• Given data:
....
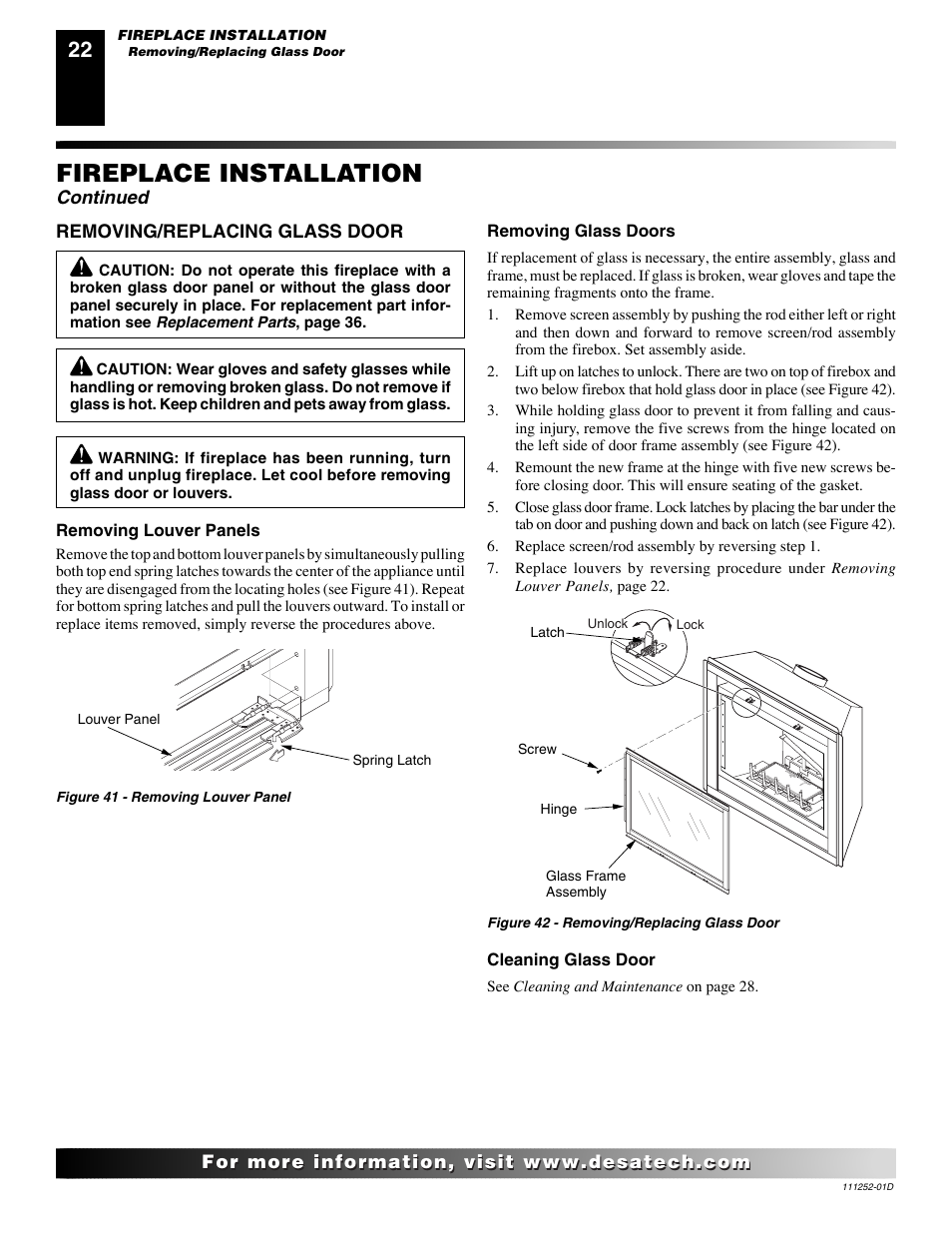 Fireplace installation, Continued | Desa V36P-A User Manual | Page 22 / 40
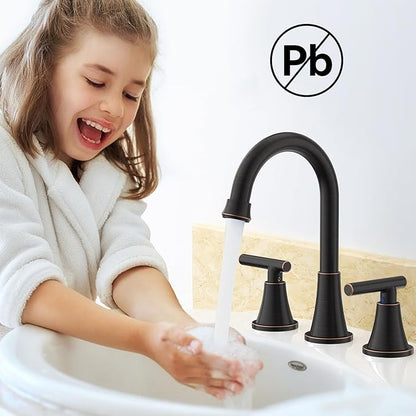 Bathroom Faucets for Sink 3 Hole, Hurran Oil Rubbed Bronze Bathroom Sink Faucet with Pop-up Drain and Supply Lines, Stainless Steel Lead-Free Widespread Faucet for Vanity RV, 2 Pack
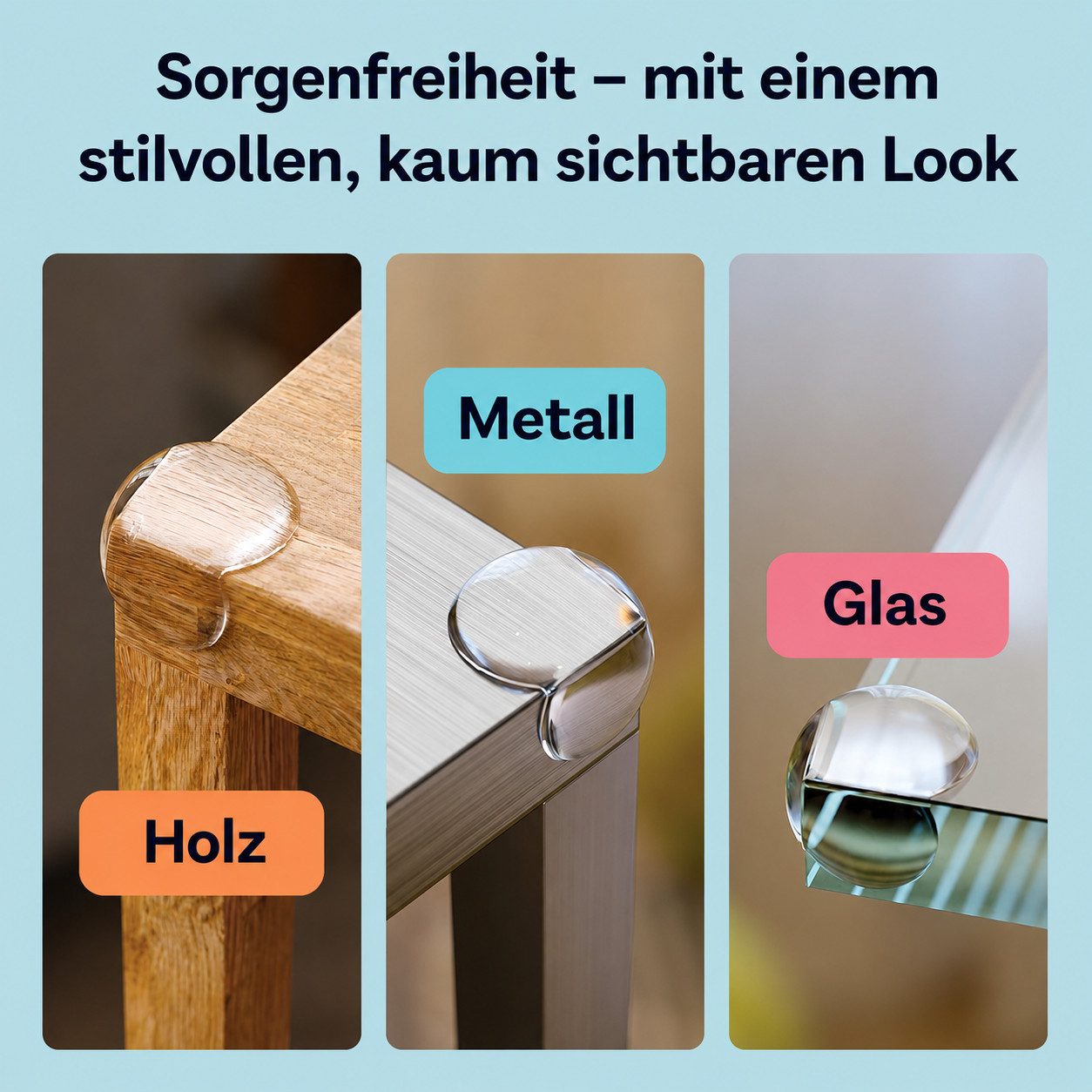 AIMAX Kindersicherung Eckenschutz 24 Stück transparent selbstklebend für Tisch und Möbel, Kantenschutz für Ecken an Holz Glas Metall Schrank und Arbeitsplatte – Bild 2 von 5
....
Transcribe all data precisely. Pictures are not copied.

 Fireplace installation, Continued | Desa V36P-A User Manual | Page 22 / 40
 Bathroom Faucets for Sink 3 Hole, Hurran Oil Rubbed Bronze Bathroom Sink Faucet with Pop-up Drain and Supply Lines, Stainless Steel Lead-Free Widespread Faucet for Vanity RV, 2 Pack
 AIMAX Kindersicherung Eckenschutz 24 Stück transparent selbstklebend für Tisch und Möbel, Kantenschutz für Ecken an Holz Glas Metall Schrank und Arbeitsplatte – Bild 2 von 5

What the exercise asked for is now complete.